* DESCRIPTION OF THE TASK
Reproduce all of the data exactly. Images are not to appear in the reply.

* DATA TO USE
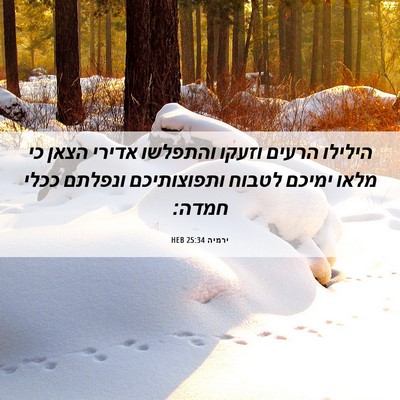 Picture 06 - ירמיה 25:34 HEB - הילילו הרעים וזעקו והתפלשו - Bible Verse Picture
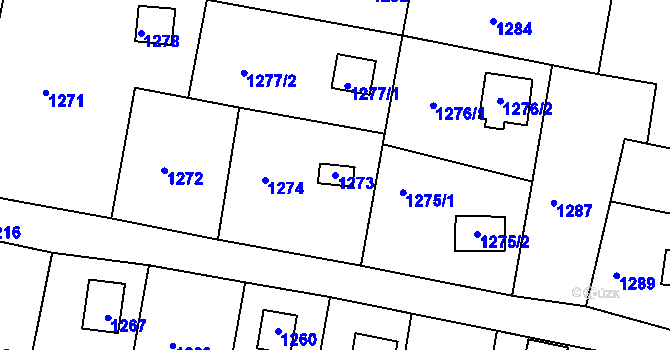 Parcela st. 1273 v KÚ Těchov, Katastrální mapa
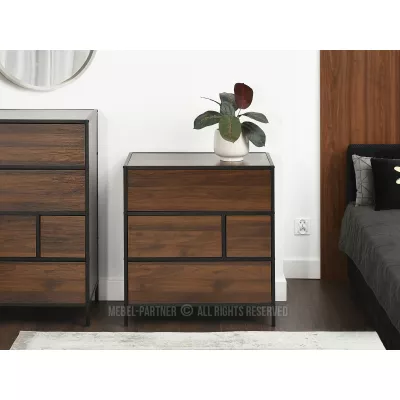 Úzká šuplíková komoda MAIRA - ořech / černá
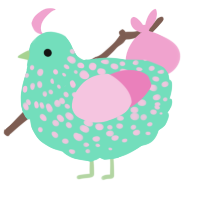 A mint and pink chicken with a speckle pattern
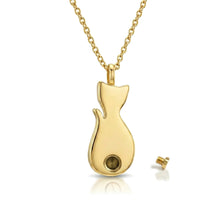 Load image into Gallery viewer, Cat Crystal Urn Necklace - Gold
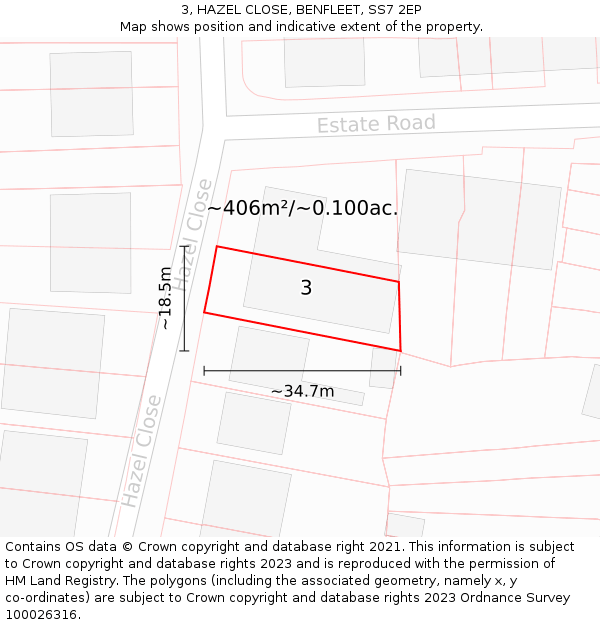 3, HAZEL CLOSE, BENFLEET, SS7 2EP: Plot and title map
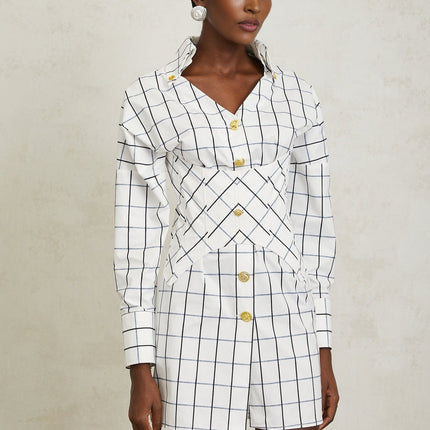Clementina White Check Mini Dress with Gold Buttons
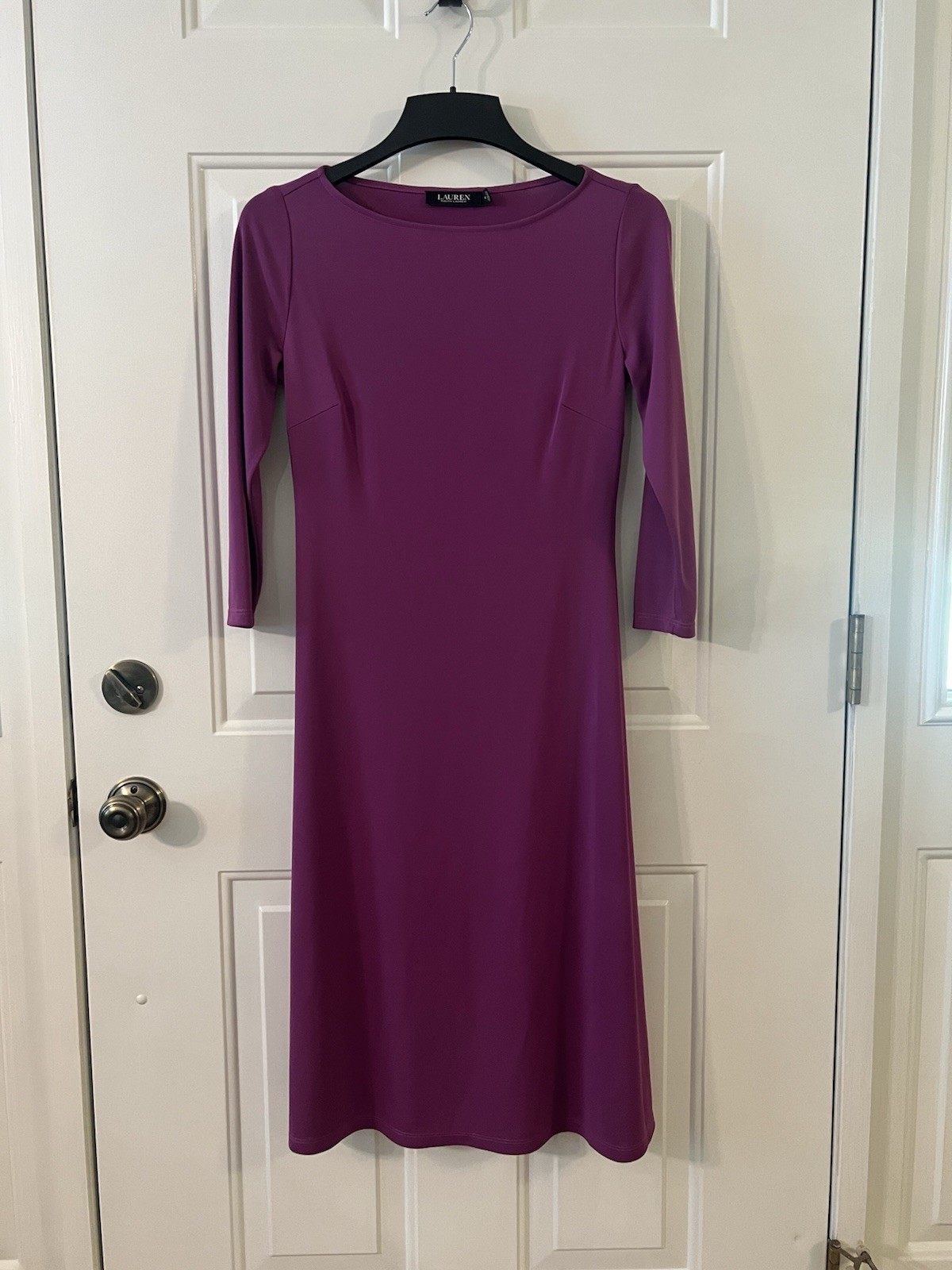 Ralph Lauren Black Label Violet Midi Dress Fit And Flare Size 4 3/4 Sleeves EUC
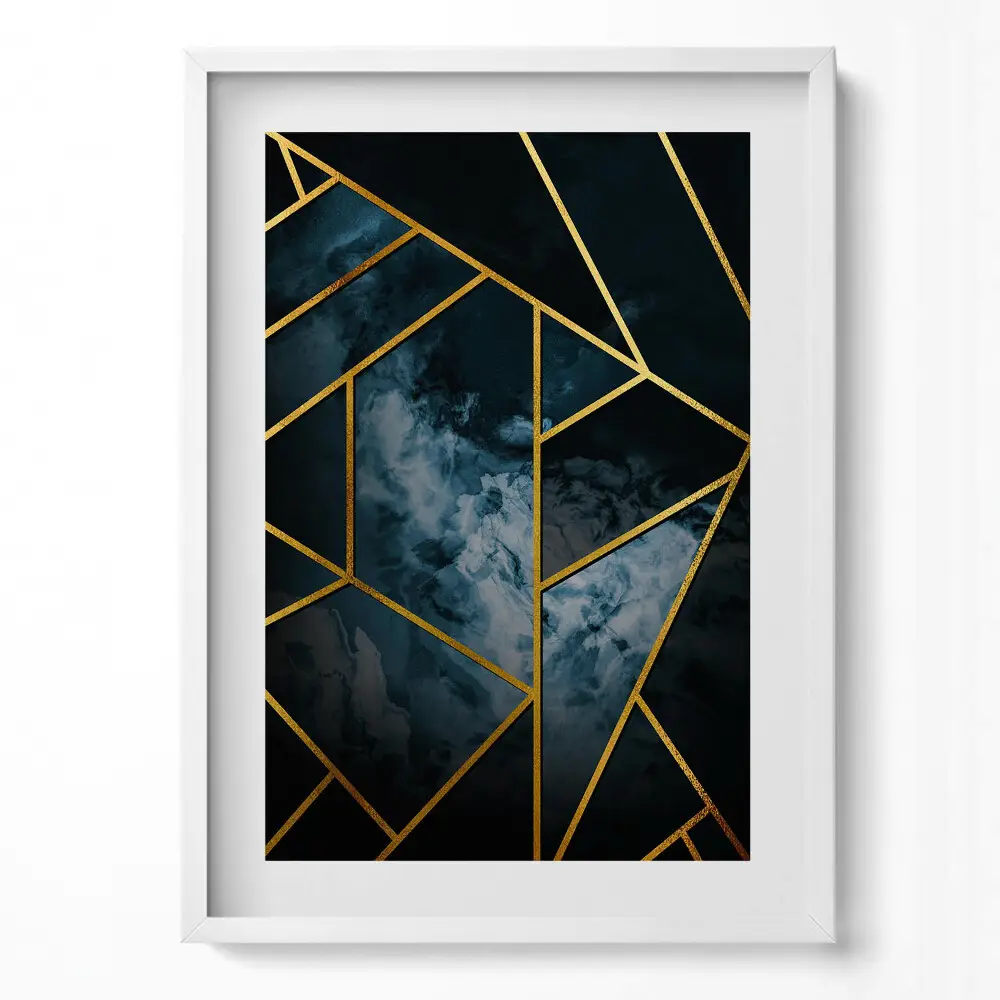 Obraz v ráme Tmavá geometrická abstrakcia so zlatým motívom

* YOUR RESPONSE
 Picture 06 - ירמיה 25:34 HEB - הילילו הרעים וזעקו והתפלשו - Bible Verse Picture
 Parcela st. 1273 v KÚ Těchov, Katastrální mapa
 Úzká šuplíková komoda MAIRA - ořech / černá
 A mint and pink chicken with a speckle pattern
 Load image into Gallery viewer, Cat Crystal Urn Necklace - Gold
 3, HAZEL CLOSE, BENFLEET, SS7 2EP: Plot and title map
Clementina White Check Mini Dress with Gold Buttons
 Ralph Lauren Black Label Violet Midi Dress Fit And Flare Size 4 3/4 Sleeves EUC
 Obraz v ráme Tmavá geometrická abstrakcia so zlatým motívom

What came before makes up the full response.